Pain, huile d’olive et satiété

Série “L’huile d’olive et les autres ingrédients de notre vie”

J’observe ce filet d'huile d’olive que je verse dans mon assiette au début de chaque repas. « Je lisais hier qu’une bonne huile d’olive coupe l'appétit... » Pas la moindre réaction autour de la table. Rien. En général, on m’écoute à la maison quand je parle d’alimentation. Ou on fait semblant de... « Alors ? Vous m’écoutez ? »

J'ai pourtant bien lu cet article, sur une page du journal que je continue d’acheter tous les jours avec obstination ; je l'avais lu, télévision éteinte, assis dans ce fauteuil en velours rouge où je fais mon nid à certains moments de la journée. Bien enfoncé, plongé dans mes pensées, mon Dylan sur les genoux – pour moi il est toujours là, même s’il nous a quittés... – et ce journal en main, soigneusement plié. Je lis d'abord les pages sportives, m’énerve à la lecture des nouvelles footballistiques et me calme avec le reste du journal.

On a donc découvert de nouvelles vertus à l'huile d'olive vierge extra de haute qualité. C'est le résultat d'études récentes montrant que le sentiment de satiété augmente après en avoir mangé, et que ce sentiment est corrélé au caractère fruité et herbacé de l’huile d’olive. Le mérite de cette découverte revient au professeur Raffaele Sacchi et à l'équipe de chercheurs qui travaillent avec lui dans le beau palais bourbonien de l'historique Faculté d'agriculture de Portici (Campanie), qui fut un temps l’École royale d'agriculture. « Du pain et de l'huile bien fruitée... pour avoir moins faim ! », un constat qui devrait changer le point de vue des consommateurs sur l'huile de qualité puisque, dans le monde dit évolué, on est plus enclin à dépenser pour perdre du poids que pour manger.

Les chercheurs affirment que les interactions complexes des arômes avec nos récepteurs peuvent influencer la sensation de satiété. La culture sensorielle est encore peu développée, les gens n’ont pas l'habitude de goûter l'huile d’olive, considérée comme un banal condiment. Pourtant, pour manger mieux, il suffit d’ouvrir une « appli » gratuite et naturelle, le nez, de trier les bonnes odeurs des mauvaises, de se laisser guider par son odorat et non par des lieux communs ou des habitudes, qui font que notre goût est la conséquence d'expériences vécues dans l'enfance, sans compréhension de la valeur de tel ou tel aliment. Hier comme aujourd'hui, ce sont les enfants qui savent reconnaître une bonne huile d’olive et faire la différence entre les arômes des huiles de qualité et les odeurs désagréables des huiles défectueuses. Mais ils ne font pas les courses.

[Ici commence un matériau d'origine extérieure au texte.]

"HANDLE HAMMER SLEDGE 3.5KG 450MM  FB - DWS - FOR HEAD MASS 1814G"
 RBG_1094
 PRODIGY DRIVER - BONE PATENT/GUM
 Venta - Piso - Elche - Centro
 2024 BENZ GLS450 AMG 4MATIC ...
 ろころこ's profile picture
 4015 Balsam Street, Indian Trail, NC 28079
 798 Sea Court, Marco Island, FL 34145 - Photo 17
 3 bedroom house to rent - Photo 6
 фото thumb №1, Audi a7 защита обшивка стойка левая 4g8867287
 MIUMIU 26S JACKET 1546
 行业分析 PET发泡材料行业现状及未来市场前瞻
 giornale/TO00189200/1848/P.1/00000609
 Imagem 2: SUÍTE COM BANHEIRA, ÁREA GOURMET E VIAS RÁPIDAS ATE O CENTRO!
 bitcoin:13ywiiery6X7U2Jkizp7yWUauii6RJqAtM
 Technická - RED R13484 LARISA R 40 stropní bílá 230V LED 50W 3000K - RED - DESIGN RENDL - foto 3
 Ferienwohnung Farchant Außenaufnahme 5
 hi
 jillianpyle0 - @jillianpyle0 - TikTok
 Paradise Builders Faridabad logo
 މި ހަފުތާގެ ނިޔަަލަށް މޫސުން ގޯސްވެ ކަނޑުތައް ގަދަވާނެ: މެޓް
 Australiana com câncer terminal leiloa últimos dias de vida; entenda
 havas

Je ferme le journal. C'est presque l'heure du déjeuner, les tranches de pain chaud arrivent, le pain de Ponte Valleceppi. Du pain et de l'huile d’olive. Le déjeuner des riches.

Extrait de L’olio e gli altri ingredienti della nostra vita de Maurizio Pescari (Rubbettino, 2021). Traduction et adaptation Camille Frachon.